Development Chronology
July 16th, 2010. Boards arrived, need to order parts to populate.
Sept 25h, 2010. Parts arrived and board populated! Software needs written.
Sept 27th, 2010. Software is written but there are problems. The CC1101 chip won't boot and the CC2500 chip says its transmitting but I don't pick up anything using an RF2500 receiver. Hopefully its a software problem and not a solder-paste problem (shorting pins under the packages?)
Sept 29th, 2010. Found some delicious bugs in both radios, mostly linked to overlapping peripherals resulting from re-using old code. Problems found, problems solved! The last remaining problem is the choose a protocol for the CC1101 and stick to it IE re-code all of the other boards I have including the CC430 wrist watch to match or perhaps choose a backup and program the board to switch to a (for example) higher birate mode.
Oct 2th, 2010. Discovered that 2.5V Vcc is not enough for stable operation at 16MHz nor 12MHz.
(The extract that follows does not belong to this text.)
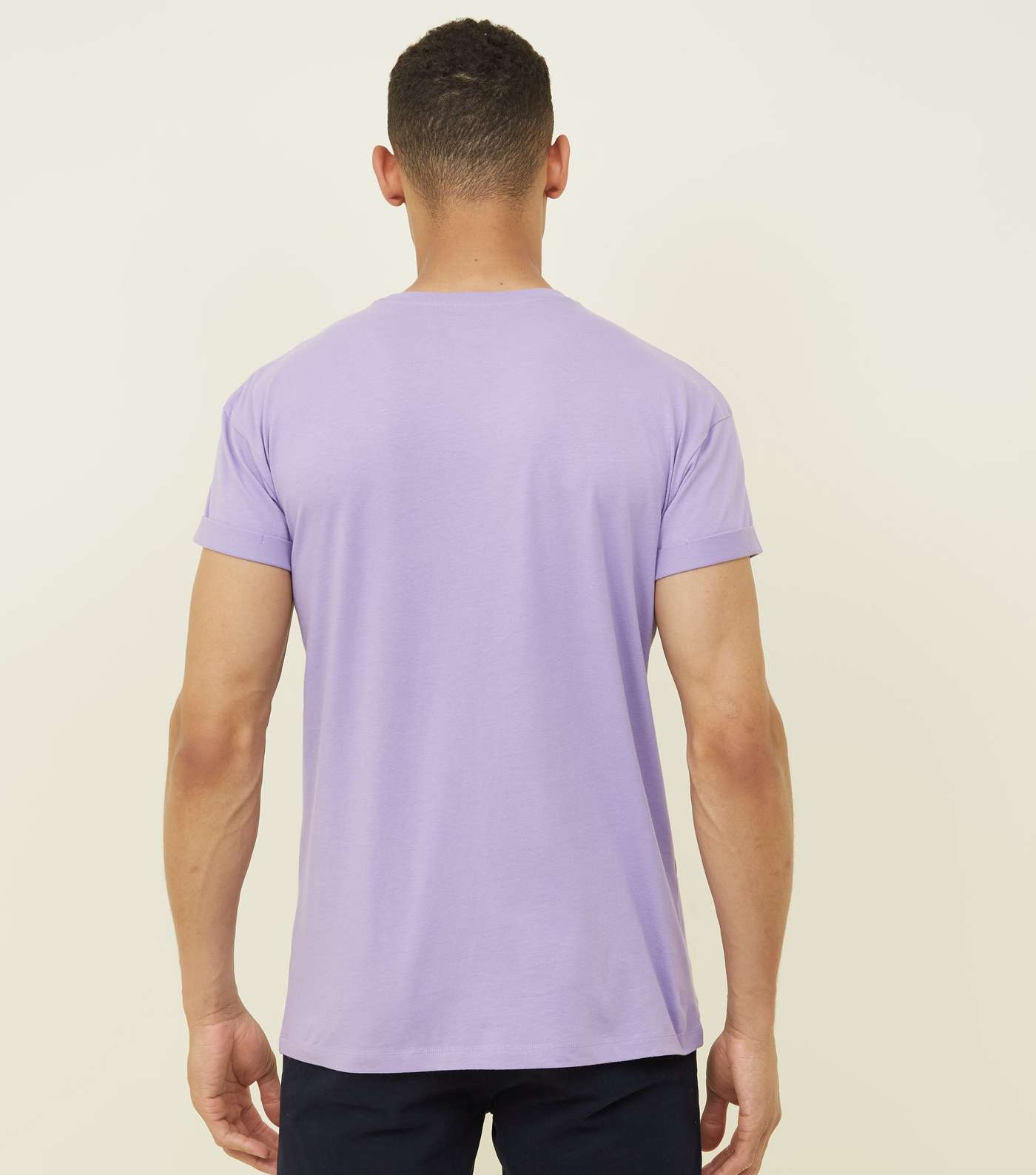 Purple Rolled Sleeve T-Shirt Image 3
Damn. All sorts of weird lockup problems were resolved by clocking the MSP430 at 8MHz. Fixed a minor bug regarding fixed-length packet mode.
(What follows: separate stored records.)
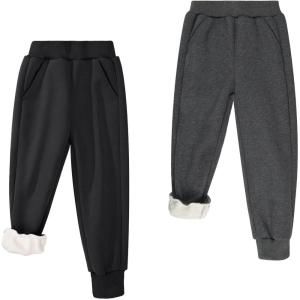 imageBIG ELEPHANT Boys Girls Fleece Lined Sweatpants Winter Warm Soft Cotton Elastic Waist Kids Jogger Pants with PocketsBlack With Dark Gray 2 Pack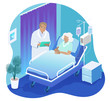 Doctor and a senior patient at hospital, isometric illustration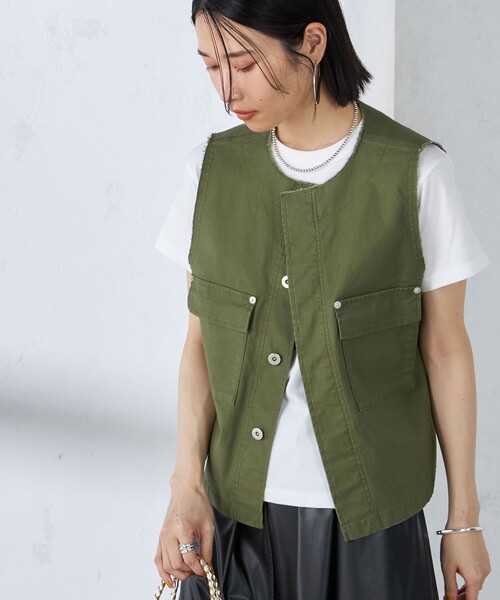ベスト ジレ 「手洗い可能」ミリタリー ショート ジレ レディース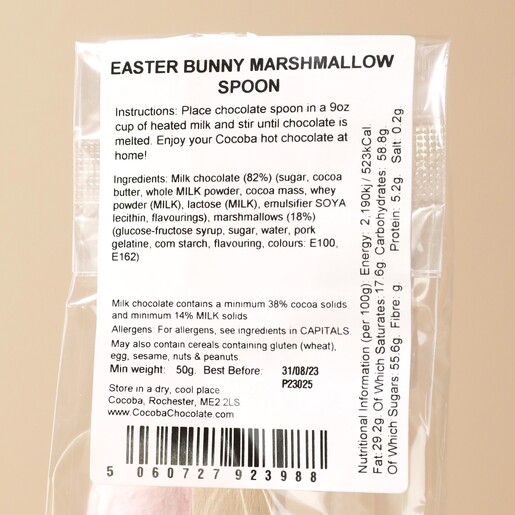Close Up of Back of Cocoba Easter Bunny Hot Chocolate Spoon Packaging Showing Ingredients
Jan 22nd, 2013. Intermittant failure of the 2.5ghz radio, cracked solder joint or software error with the new MSPGCC release? hmm!
Source Code
Can be found here (For reference only, all rights reserved)
Results
The finished board fits inside of an altoids chewing gum tin (long and skinny) and allows the antennas to protrude from the sides. The board draws 40mA steady state when set to maximum sensitivity mode. An 800mAH ipod battery fits nicely inside of the case and will last approximately 20 hours on a full charge.